Method GetSample() As %Status
{
    Set stat = ..Rspec.%Next(.sc)
    $$$THROWONERROR(sc, sc)

    // Quit if we have done all the datasets
    If 'stat {
        Quit 0
    }

    // populate this instance
    Set ..ModelName = ..Rspec.%Get("MODEL_NAME")
    Set ..ModelTrainedName = ..Rspec.%Get("TRAINED_MODEL_NAME")_" ["_$zdt($zts,3)_"]"
    Set ..StatusCode = ..Rspec.%Get("STATUS_CODE")
    Set metricsList = ..Rspec.%Get("METRICS_LIST")
    Set len = $LL(metricsList)
    For iMetric = 1:1:len {
	    Set metric = $LG(metricsList, iMetric)
	    Set metricName = $LG(metric, 1)
	    Set metricValue = $LG(metric, 2)
	    Set:(metricName = "PRECISION") ..ModelMetricPrecision = metricValue
	    Set:(metricName = "RECALL") ..ModelMetricRecall = metricValue
	    Set:(metricName = "F-MEASURE") ..ModelMetricFMeasure = metricValue
	    Set:(metricName = "ACCURACY") ..ModelMetricAccuracy = metricValue
    }

    // quit with return value indicating the sample data is ready
    Return $$$OK
}

After compiling the monitor class, you need to restart System Monitor in order to system realize that a new monitor was created and is ready to use. You could use both ^%SYSMONMGR routine or %SYS.Monitor class to do this.

A simple use case

Ok, so far we have the necessary tools to collect, monitor and issue alerts on ML performance metrics. Now, it's time to define a custom alert rule and simulate a scenario which a deployed ML model starts to get your performance negatively affected.

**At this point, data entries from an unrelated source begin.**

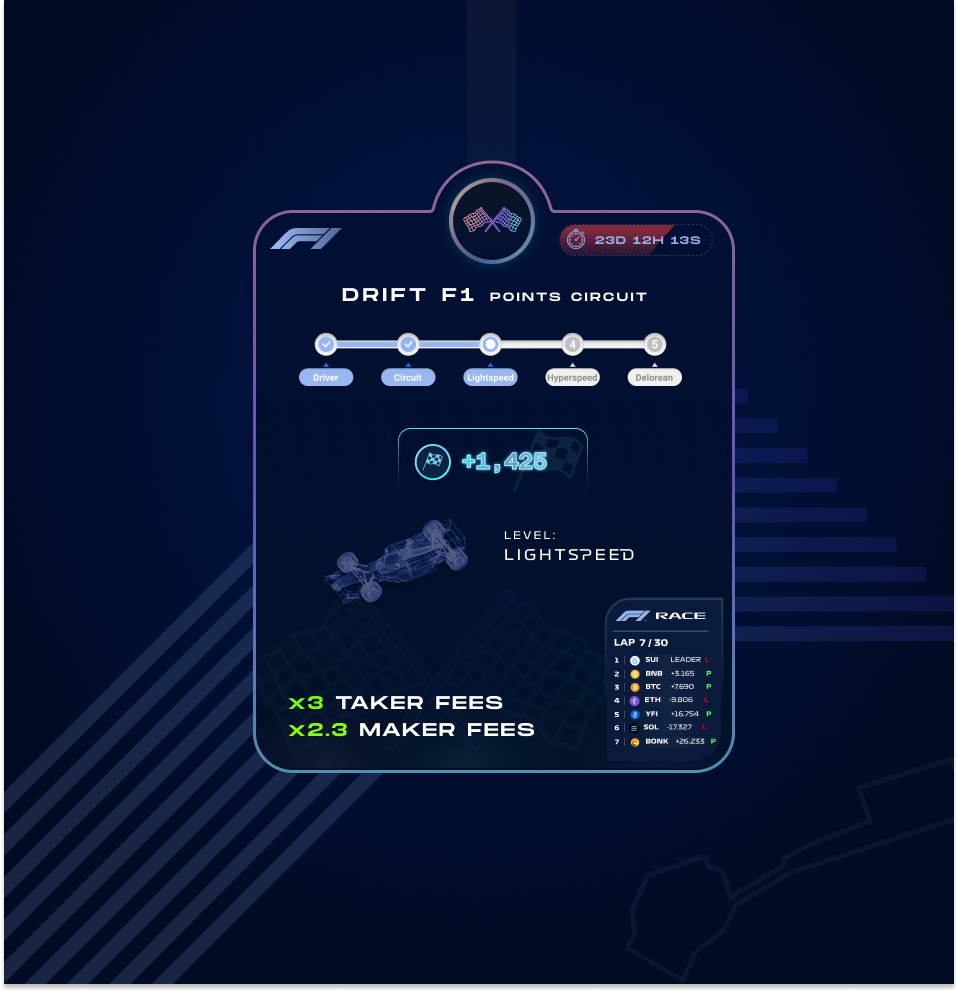 Drift Driver badge showing five progression levels and fee multipliers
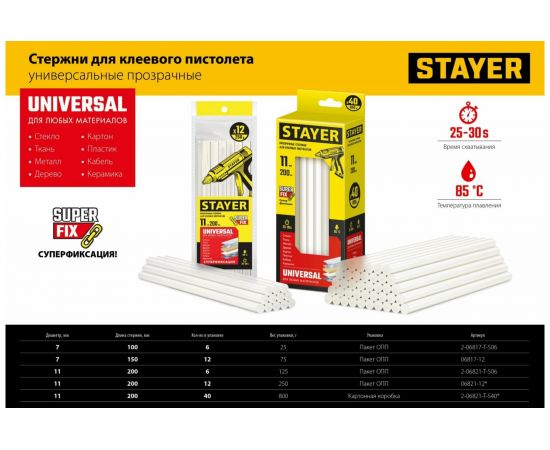Прозрачные универсальные клеевые стержни STAYER Universal 12 шт, 7х150 мм 06817-12 – изображение 3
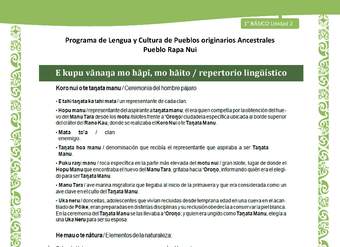 Orientaciones al docente - LC01-RAPANUI - U02 - Repertorio lingüístico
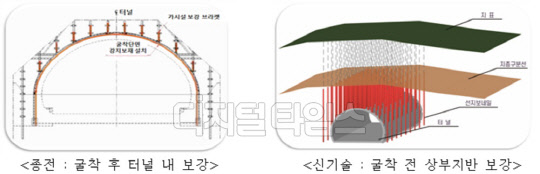 지반 보강 후 터널 굴착 공법<국토교통부 제공>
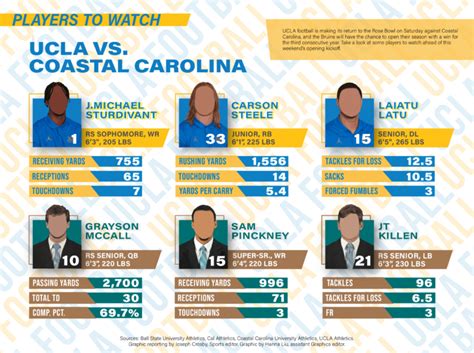 Scouting Report Ucla Football Vs Coastal Carolina Daily Bruin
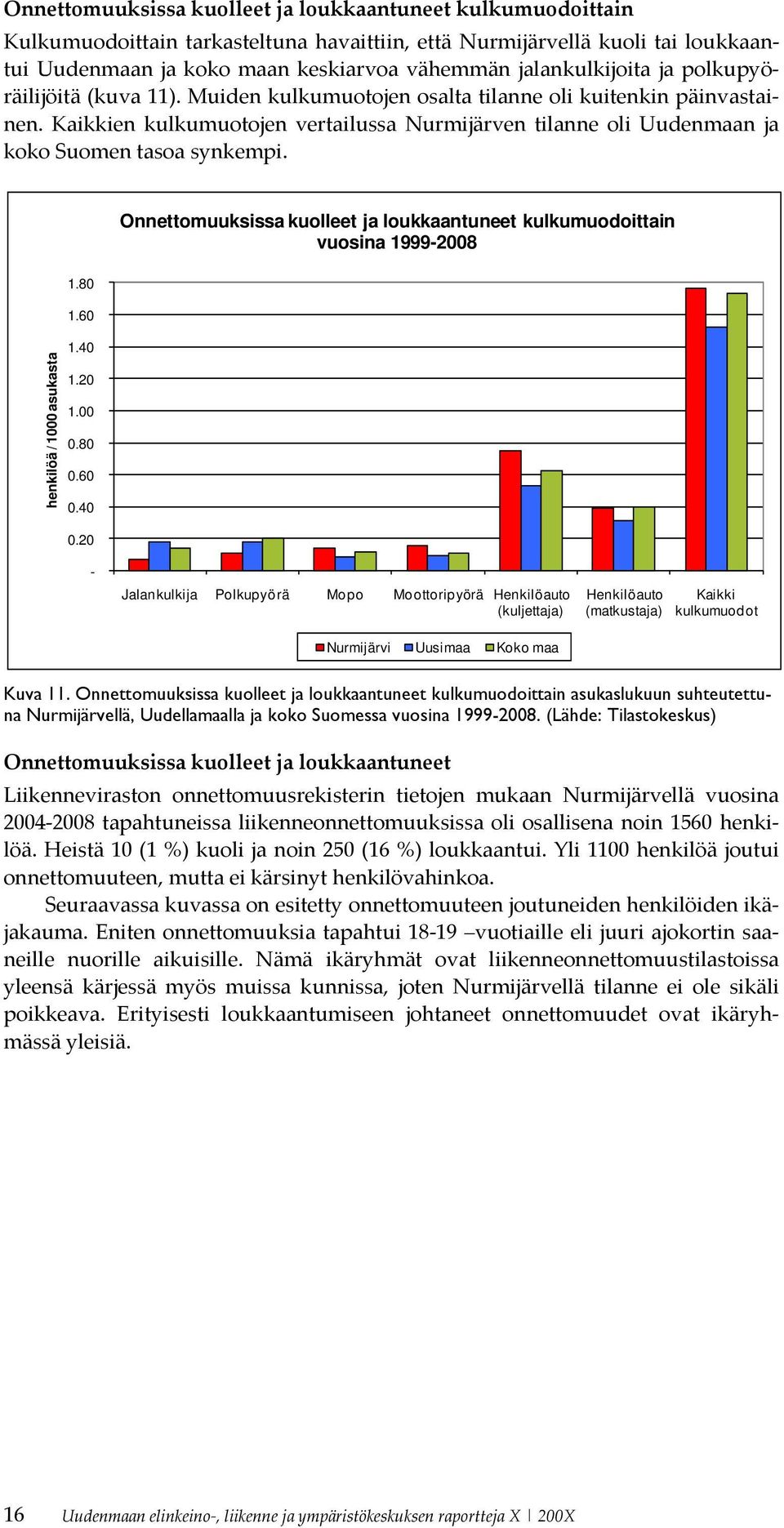 Kaikkien kulkumuotojen vertailussa Nurmijärven tilanne oli Uudenmaan ja koko Suomen tasoa synkempi.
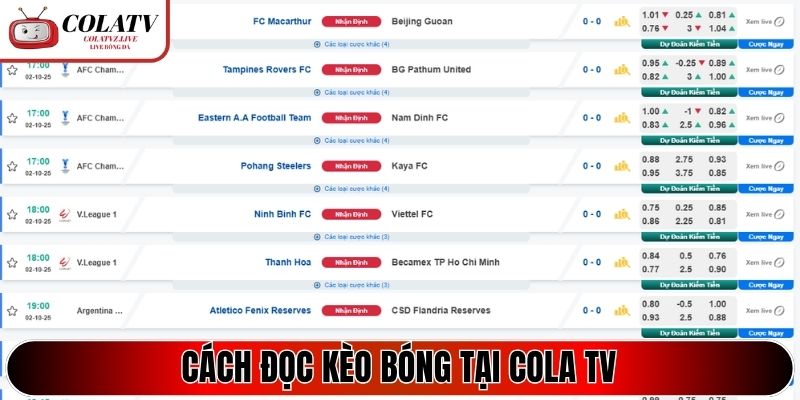 Cách đọc kèo bóng tại Cola TV theo từng giải đấu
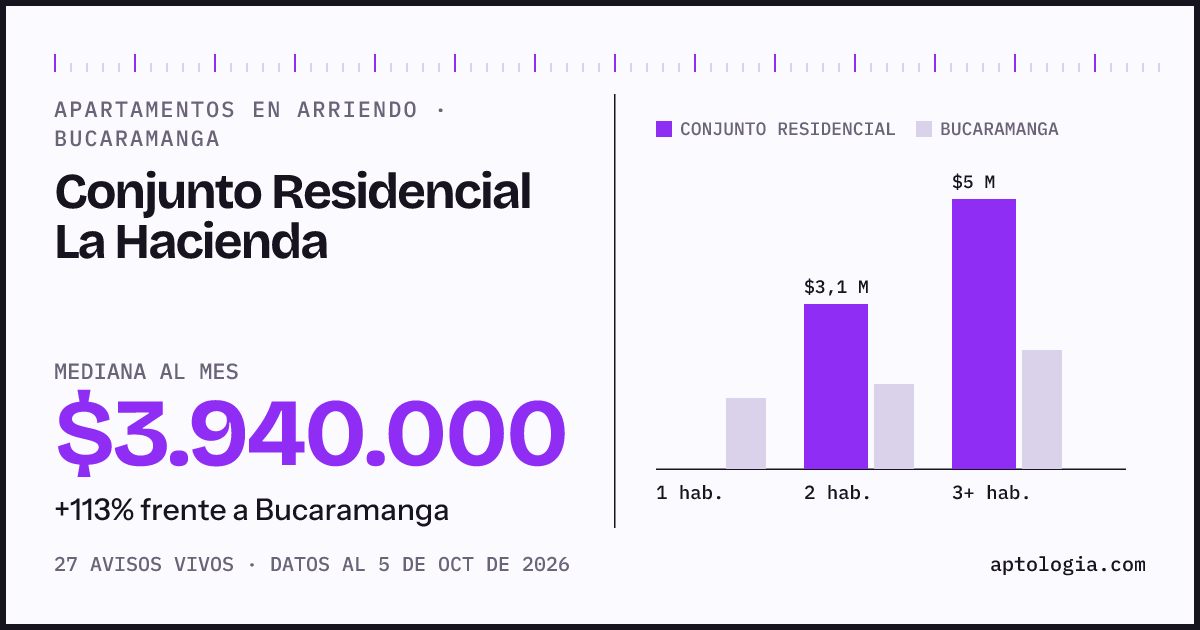 Cuánto cuesta vivir en Conjunto Residencial La Hacienda, Bucaramanga: arriendo mediano $3.940.000 al mes, por número de habitaciones frente a Bucaramanga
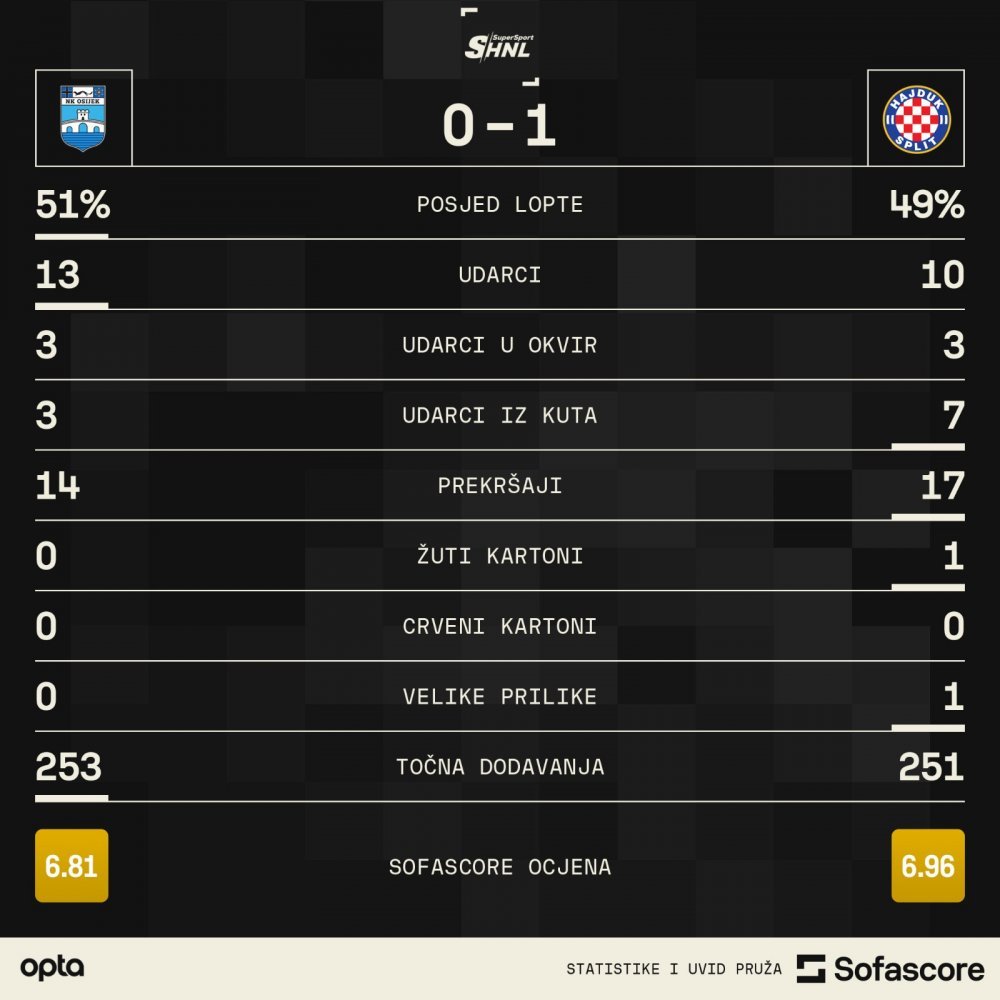 Osijek odgodio derbi s Hajdukom pa se Splićani odlučili za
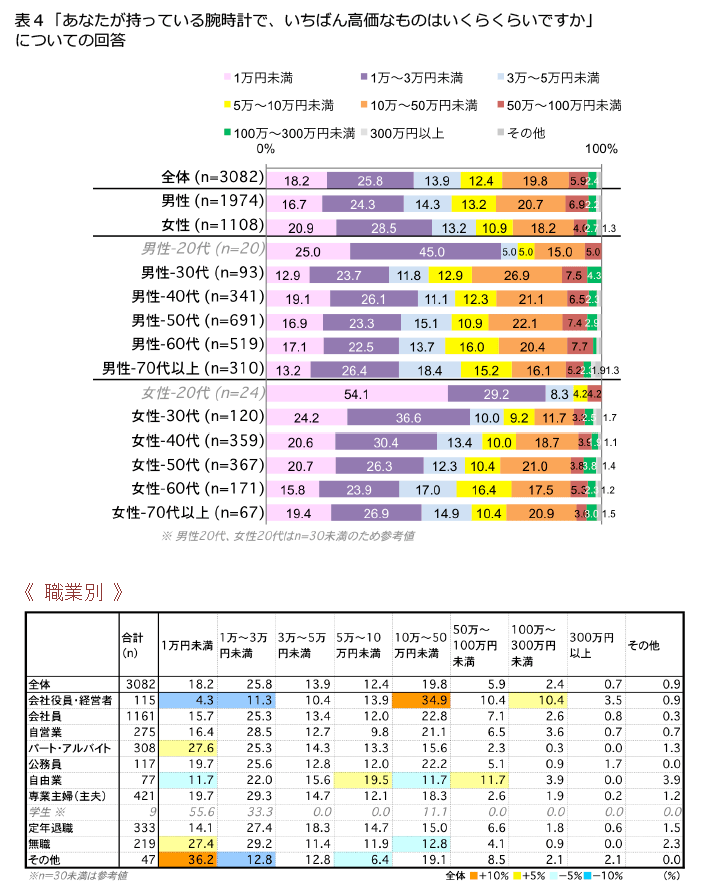 表4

First, we must configure an email alert and its trigger rule. This could be done using ^%SYSMONMGR routine. However, in order to make things easier, I created a setup method which set all e-mail configuration and alert rule. You need to replace values between <> with your e-mail server and account parameters.

ClassMethod NotificationSetup()
{
	// Set E-mail parameters
	Set sender = "<your e-mail address>"
	Set password = "<your e-mail password>"
	Set server = "<SMTP server>"
	Set port = "<SMTP server port>"
	Set sslConfig = "default"
	Set useTLS = 1
	Set recipients = $LB("<comma-separated receivers for alerts>")
	Do ##class(%Monitor.Manager).AppEmailSender(sender)
	Do ##class(%Monitor.Manager).AppSmtpServer(server, port, sslConfig, useTLS)
	Do ##class(%Monitor.Manager).AppSmtpUserName(sender)
	Do ##class(%Monitor.Manager).AppSmtpPassword(password)
	Do ##class(%Monitor.Manager).AppRecipients(recipients)
	
	// E-mail as default notification method
	Do ##class(%Monitor.Manager).AppNotify(1)
	
	// Enable e-mail notifications
	Do ##class(%Monitor.Manager).AppEnableEmail(1)
	
	Set name  = "perf-model-appointments-prediction"
	Set appname = $namespace
	Set action = 1
	Set nmethod = ""
	Set nclass = ""
	Set mclass = "MyMetric.IntegratedMLModelsValidation"
	Set prop = "ModelMetricAccuracy"
	Set expr = "%1 < .8"
	Set once = 0
	Set evalmethod = ""
	// Create an alert
	Set st = ##class(%Monitor.Alert).Create(name, appname, action, nmethod, nclass, mclass, prop, expr, once, evalmethod)
	$$$THROWONERROR(st, st)
	
	// Restart monitor
	Do ##class(MyMetric.Install).RestartMonitor()
}

In previous method, an alert will be issued after monitor get accuracy values less than 90%.

Now that our alert rule is setup, let's create, train and validate a show/no-show prediction model with the first 500 records and validate it through first 600 records.

Note: seed parameter is just for guarantee reproducibility (i.e., no random values) and normally must be avoid in production.

-- Creates the model
CREATE MODEL AppointmentsPredection PREDICTING (Show) FROM MedicalAppointments USING {\"seed\": 3}
-- Train it using first 500 records from dataset
TRAIN MODEL AppointmentsPredection FROM MedicalAppointments WHERE ID <= 500 USING {\"seed\": 3}
-- Show model information
SELECT * FROM INFORMATION_SCHEMA.ML_TRAINED_MODELS
|   | MODEL_NAME             | TRAINED_MODEL_NAME      | PROVIDER | TRAINED_TIMESTAMP       | MODEL_TYPE     | MODEL_INFO                                        |
|---|------------------------|-------------------------|----------|-------------------------|----------------|---------------------------------------------------|
| 0 | AppointmentsPredection | AppointmentsPredection2 | AutoML   | 2020-07-12 04:46:00.615 | classification | ModelType:Logistic Regression, Package:sklearn... |

Note that IntegrateML, by using AutoML as provider (PROVIDER column), infers from the dataset provided, a classification model (MODEL_TYPE column), with Logistic Regression algorithm, from scikit-learn library (MODEL_INFO column). Important to highlight here the "Garbage In, Garbage Out" rule - i.e. model quality is directly related to data quality.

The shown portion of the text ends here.